== Segment start ==

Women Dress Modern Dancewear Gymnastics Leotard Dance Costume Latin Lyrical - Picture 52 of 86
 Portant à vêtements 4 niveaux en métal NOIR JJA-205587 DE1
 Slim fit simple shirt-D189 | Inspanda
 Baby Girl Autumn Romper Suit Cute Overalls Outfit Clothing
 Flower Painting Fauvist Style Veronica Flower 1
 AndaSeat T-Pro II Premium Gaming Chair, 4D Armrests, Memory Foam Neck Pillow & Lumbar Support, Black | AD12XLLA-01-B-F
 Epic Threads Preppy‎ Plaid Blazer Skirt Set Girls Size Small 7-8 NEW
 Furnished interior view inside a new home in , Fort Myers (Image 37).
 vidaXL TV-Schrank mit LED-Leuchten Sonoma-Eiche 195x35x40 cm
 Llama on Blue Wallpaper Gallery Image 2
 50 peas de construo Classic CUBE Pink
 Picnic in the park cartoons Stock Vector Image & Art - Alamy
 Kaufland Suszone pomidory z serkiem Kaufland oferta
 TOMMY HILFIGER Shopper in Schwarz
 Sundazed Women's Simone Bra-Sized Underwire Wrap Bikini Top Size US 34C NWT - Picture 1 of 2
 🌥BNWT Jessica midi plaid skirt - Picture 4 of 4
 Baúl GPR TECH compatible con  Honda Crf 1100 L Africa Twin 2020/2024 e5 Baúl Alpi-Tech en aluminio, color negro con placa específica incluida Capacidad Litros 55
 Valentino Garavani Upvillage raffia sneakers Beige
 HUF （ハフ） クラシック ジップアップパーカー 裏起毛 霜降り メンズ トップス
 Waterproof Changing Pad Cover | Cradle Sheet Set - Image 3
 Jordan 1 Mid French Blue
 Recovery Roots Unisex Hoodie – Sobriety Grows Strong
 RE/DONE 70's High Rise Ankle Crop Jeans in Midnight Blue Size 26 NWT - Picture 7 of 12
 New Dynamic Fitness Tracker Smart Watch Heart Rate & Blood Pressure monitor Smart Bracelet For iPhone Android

== Segment end ==

» **WORK ITEM**:
Find each line in the data above with the word "Picture", then copy it.

» **YOUR RESPONSE**:
Women Dress Modern Dancewear Gymnastics Leotard Dance Costume Latin Lyrical - Picture 52 of 86
 Sundazed Women's Simone Bra-Sized Underwire Wrap Bikini Top Size US 34C NWT - Picture 1 of 2
 🌥BNWT Jessica midi plaid skirt - Picture 4 of 4
 RE/DONE 70's High Rise Ankle Crop Jeans in Midnight Blue Size 26 NWT - Picture 7 of 12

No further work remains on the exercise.